Eine Kurzgeschichte in 24 Türchen
11. Türchen
Das Hotel im Schneesturm
So wünschte sich Lotte für einen Moment, dass ihre Schwiegereltern auch hier wären, dies alles sehen und staunen könnten - an diesem völlig aus der Zeit und dem Vernünftigen herausgefallenen Ort mit den eben solchen Gastleuten.
Sie hätte sich auch keinen Deut gewundert, wenn die Tür plötzlich aufgegangen und Armin und Rosalinde hereingekommen wären. Der Ort schien so verzaubert, dass alles im Rahmen seiner Möglichkeiten lag.

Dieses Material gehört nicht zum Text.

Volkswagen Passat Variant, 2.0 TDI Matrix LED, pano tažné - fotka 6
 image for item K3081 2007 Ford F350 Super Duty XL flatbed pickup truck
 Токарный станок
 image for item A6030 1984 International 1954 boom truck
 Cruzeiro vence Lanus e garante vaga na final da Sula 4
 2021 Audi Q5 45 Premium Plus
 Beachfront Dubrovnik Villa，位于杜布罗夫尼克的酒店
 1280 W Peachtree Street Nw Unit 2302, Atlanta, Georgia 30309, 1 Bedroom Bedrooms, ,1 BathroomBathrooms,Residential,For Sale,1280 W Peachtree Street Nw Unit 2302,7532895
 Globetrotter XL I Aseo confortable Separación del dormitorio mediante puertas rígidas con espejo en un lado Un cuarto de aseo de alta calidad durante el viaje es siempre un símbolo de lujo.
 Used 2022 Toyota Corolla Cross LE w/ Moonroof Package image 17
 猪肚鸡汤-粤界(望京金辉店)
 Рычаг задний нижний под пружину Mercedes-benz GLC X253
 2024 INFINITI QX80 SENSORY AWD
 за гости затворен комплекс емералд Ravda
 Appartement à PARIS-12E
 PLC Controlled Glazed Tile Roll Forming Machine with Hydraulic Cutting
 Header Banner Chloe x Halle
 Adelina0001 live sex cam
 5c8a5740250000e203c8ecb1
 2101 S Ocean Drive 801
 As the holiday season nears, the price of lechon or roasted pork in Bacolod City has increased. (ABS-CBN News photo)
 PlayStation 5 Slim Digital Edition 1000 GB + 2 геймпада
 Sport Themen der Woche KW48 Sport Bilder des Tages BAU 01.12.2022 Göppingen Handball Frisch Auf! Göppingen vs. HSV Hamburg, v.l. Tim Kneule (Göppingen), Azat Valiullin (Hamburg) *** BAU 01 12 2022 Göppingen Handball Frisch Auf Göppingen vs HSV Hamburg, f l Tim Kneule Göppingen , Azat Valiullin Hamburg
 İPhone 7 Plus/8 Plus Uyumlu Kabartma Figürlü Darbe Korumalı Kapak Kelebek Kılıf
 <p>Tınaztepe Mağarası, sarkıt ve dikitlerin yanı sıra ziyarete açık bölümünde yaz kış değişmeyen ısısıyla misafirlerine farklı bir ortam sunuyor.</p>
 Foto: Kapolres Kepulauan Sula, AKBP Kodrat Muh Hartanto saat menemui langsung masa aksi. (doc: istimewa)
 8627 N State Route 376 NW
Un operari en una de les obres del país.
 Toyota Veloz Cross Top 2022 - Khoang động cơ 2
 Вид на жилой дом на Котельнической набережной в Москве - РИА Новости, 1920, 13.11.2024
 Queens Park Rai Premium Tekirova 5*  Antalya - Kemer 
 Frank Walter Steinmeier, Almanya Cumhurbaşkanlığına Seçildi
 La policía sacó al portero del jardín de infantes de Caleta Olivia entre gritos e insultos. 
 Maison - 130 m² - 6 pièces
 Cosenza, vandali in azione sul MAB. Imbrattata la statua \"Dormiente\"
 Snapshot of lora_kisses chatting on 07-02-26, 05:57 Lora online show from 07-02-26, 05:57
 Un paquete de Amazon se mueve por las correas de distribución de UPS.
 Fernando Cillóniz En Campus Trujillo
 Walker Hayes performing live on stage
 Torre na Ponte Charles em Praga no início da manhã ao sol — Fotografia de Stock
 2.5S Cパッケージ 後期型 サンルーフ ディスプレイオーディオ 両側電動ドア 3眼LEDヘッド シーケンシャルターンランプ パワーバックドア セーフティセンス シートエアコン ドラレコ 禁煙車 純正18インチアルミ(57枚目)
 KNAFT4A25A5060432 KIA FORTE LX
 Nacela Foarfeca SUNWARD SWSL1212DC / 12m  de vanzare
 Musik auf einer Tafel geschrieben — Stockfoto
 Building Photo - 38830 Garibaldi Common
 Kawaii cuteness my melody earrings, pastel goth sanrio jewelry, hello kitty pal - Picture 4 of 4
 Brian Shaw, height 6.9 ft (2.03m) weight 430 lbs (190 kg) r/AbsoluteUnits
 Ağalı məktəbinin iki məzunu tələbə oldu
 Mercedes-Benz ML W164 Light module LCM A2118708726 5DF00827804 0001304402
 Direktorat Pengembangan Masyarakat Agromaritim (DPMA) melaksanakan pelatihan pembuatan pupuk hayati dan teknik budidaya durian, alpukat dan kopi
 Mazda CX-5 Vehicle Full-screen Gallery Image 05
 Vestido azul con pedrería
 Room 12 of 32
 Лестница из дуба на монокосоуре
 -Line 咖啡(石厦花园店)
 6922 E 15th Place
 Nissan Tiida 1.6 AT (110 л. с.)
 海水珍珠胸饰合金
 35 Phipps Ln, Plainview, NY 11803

Nein, es ist nur der Umstand, dass wir hier eingeschneit sind, rückte sie ihren Kopf selber zurecht. Auf der anderen Seite reflektierte sie erstmalig den tragischen Verlust, den ihre Schwiegereltern hinnehmen mussten. Ein Kind, und sei es auch erwachsen, an den Tod zu verlieren, war das Schlimmste, das Eltern passieren konnten. Sie selber als Pauls Witwe war ihm Gegensatz zu ihnen viel besser dran - auch, wenn sie Paul nie vergessen würde und immer in Liebe an ihn denken würde, ihr Leben ging weiter und irgendwann wäre der Schmerz über seinen Verlust einer guten Erinnerung an ihn gewichen. Derart würden Eltern es nie sehen können. Mit dem Tod des Kindes war ihnen bei lebendigem Leibe ihr Herz herausgerissen worden. Es schlug weiter, obwohl es nur noch unter Mühen pumpte, aber nicht voller Elan und Lebenskraft.
Erstmals fehlten ihr die beiden sogar ein wenig. Zwar war sie gar nicht gerne in diesem verzauberten eingeschneiten Häuschen, aber sie fühlte plötzlich, dass ihre Gedanken den Schwiegereltern gegenüber sanfter wurden. Sobald es möglich war, würde sie ihre Fahrt fortsetzen, und sie hoffte stark, dass sie auch vorher noch mit ihnen telefonieren konnte.
Zwischendurch überprüfte Lotte stetig ihr Smart-Phone nach einem Netz-Empfang, aber das war ein sinnloses Unterfangen. Vermutlich gab es in diesem Haus niemals ein Handy-Netz, weil es einfach nicht von dieser Welt war ... und vielleicht irgendwo in der Eifel lag, aber dennoch eher separat in den Wolken.
Wäre sie allein mit den Hotelbetreibern gewesen, hätte sie sich vielleicht gefürchtet, aber im Laufe der Stunden wurden ihr die anderen lieb und teuer.
Da war Mary, die bereits 75 Jahre alt, aber mit einem jugendlichen Schwung gesegnet war. Wann immer Lotte einen kleinen Durchhänger hatte, kamen ein paar passende Worte von Mary.
Klaas sehnte sich nach seinen Kindern, und er erzählte den neuen Bekannten von ihnen, aber auch er schien sich inzwischen mit der Situation arrangiert zu haben.
Sie hatten gerade das reichhaltige Heiligabend-Essen hinter sich gebracht, als es laut an der Tür klopfte. Ronny sprang auf, als hätte er dieses Klopfen erwartet und öffnete die Eingangstür.
Ein als Weihnachtsmann verkleideter Mann stand draußen und wurde sogleich in das Esszimmer geführt, zum Staunen und zur Freude der Gäste.
Aber wo kam er jetzt und bei diesem Wetter nur her? - fragten sich alle gleichzeitig, ohne diese Frage auszusprechen. Sie selber hatten trotz ihres Kleinbusses nur mit Mühe den Weg hierher gefunden und nach dem Aussteigen kaum die Hände vor den Augen gesehen.